_Supplied information_
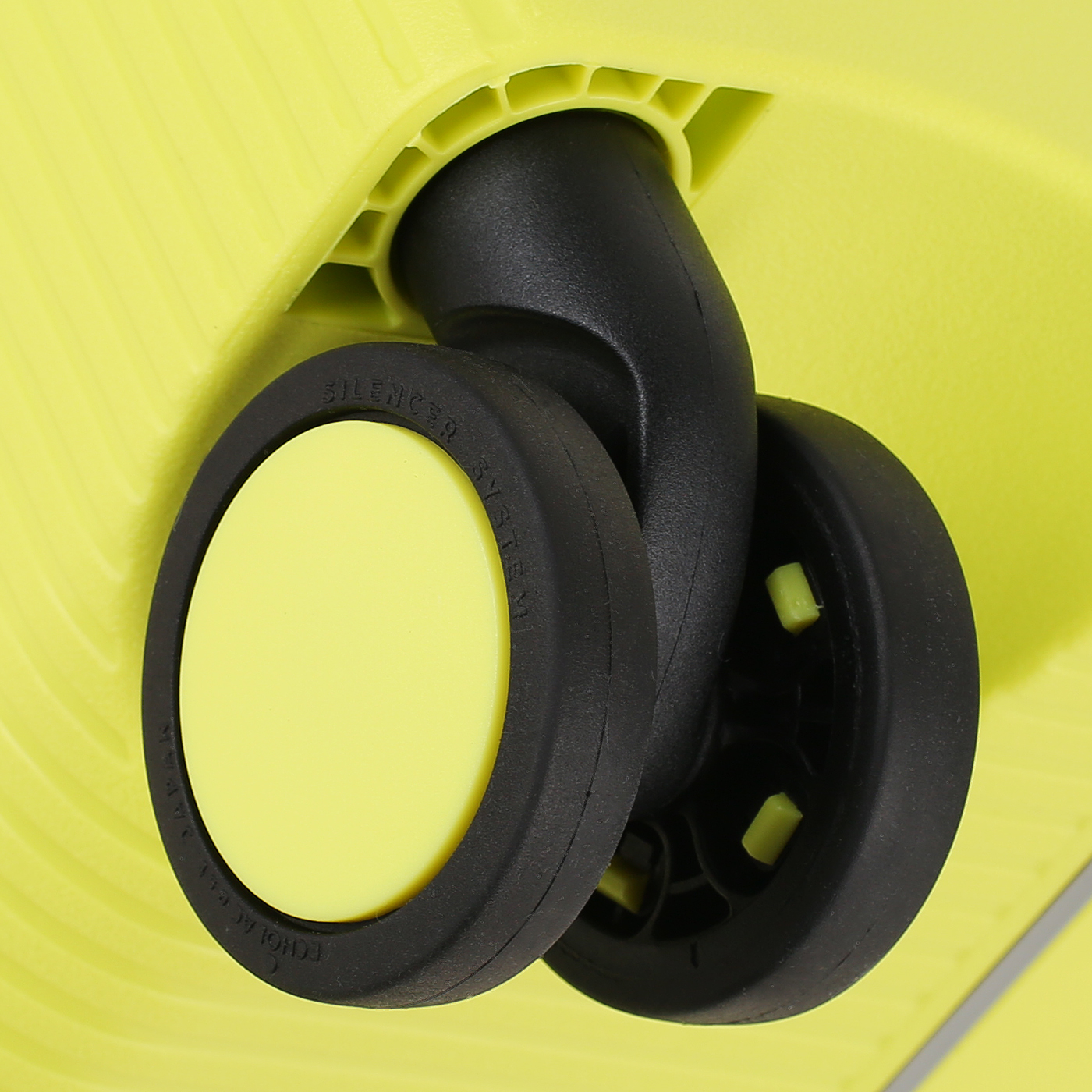 Чемодан на колесах Echolac Fusion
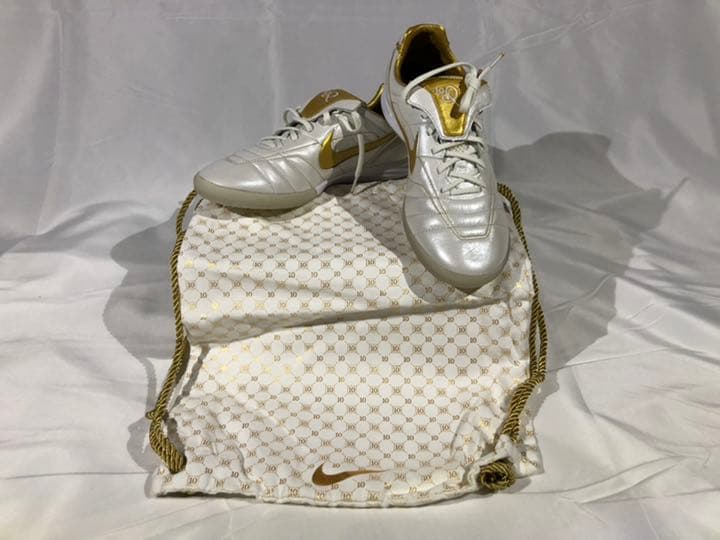 NIKE ナイキ　フットサルシューズ　ロナウジーニョ R10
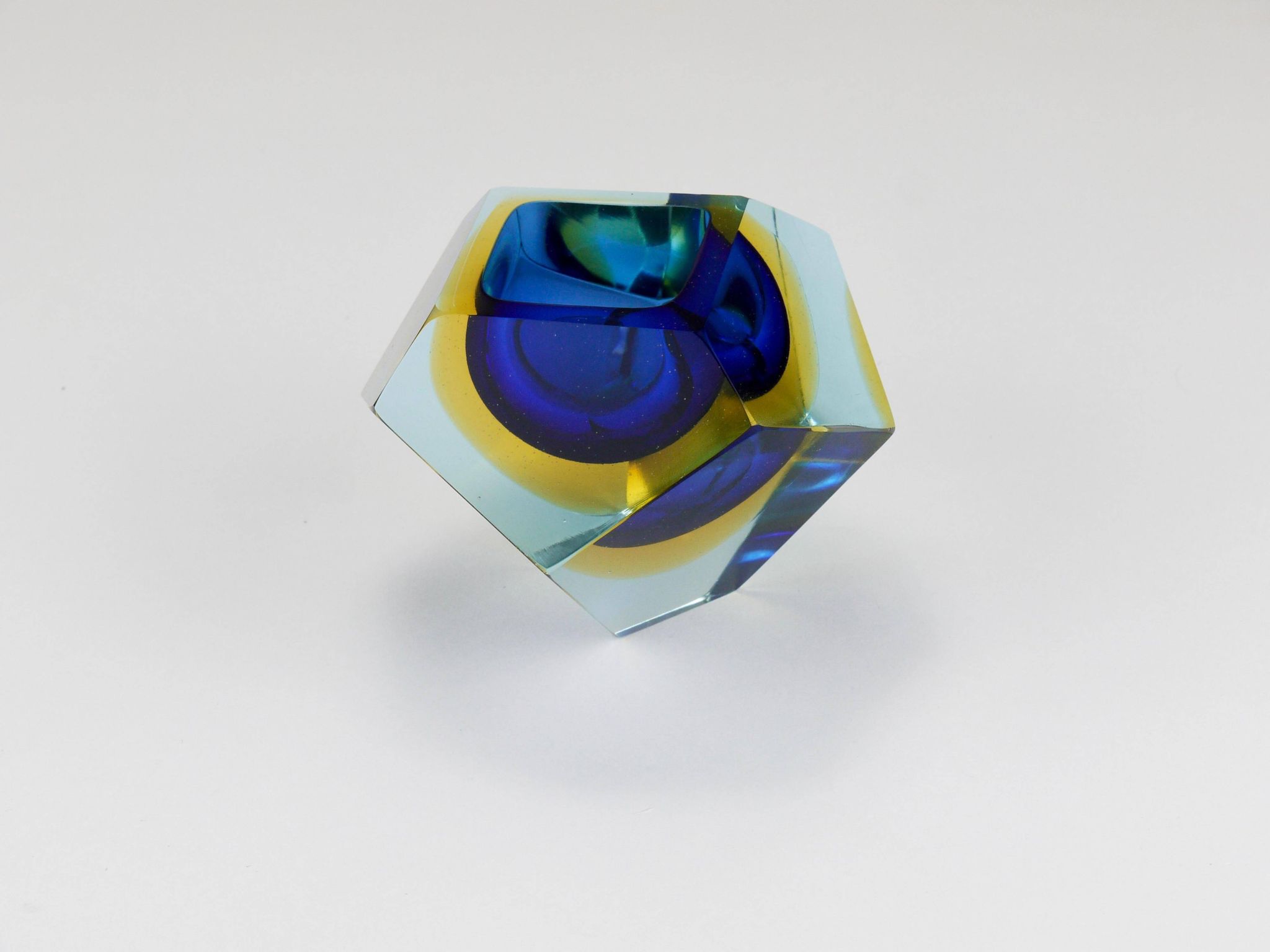 Faceted diamond caviar bowl Mandruzzato Sommerso, Murano glass, Italy, 1960s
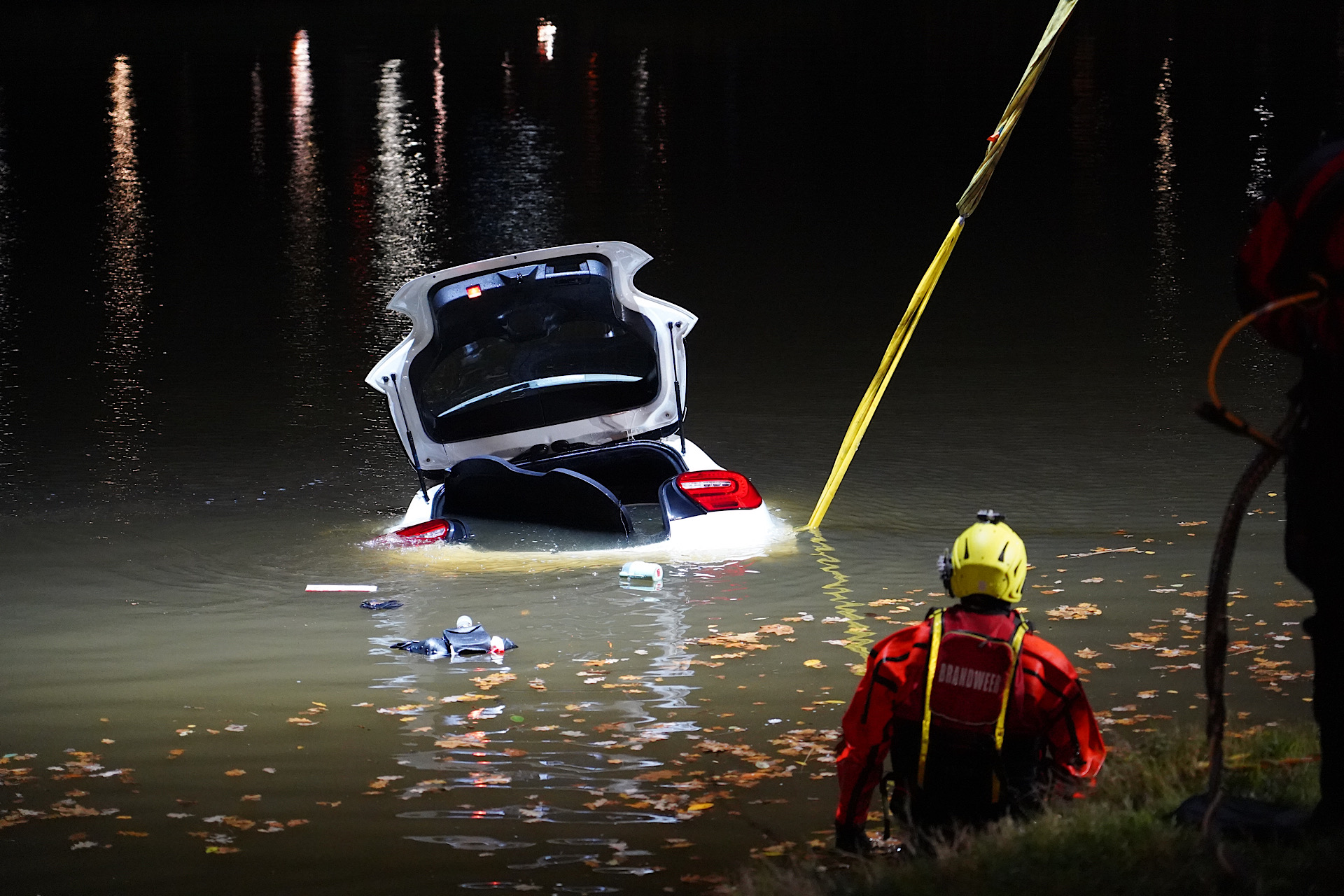 Vrouw wijkt uit voor konijn en rijdt water in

_About this task_
A verbatim copy of the listing is required, with all pictures left out.

_Response area_
 Чемодан на колесах Echolac Fusion
 NIKE ナイキ　フットサルシューズ　ロナウジーニョ R10
 Faceted diamond caviar bowl Mandruzzato Sommerso, Murano glass, Italy, 1960s
 Vrouw wijkt uit voor konijn en rijdt water in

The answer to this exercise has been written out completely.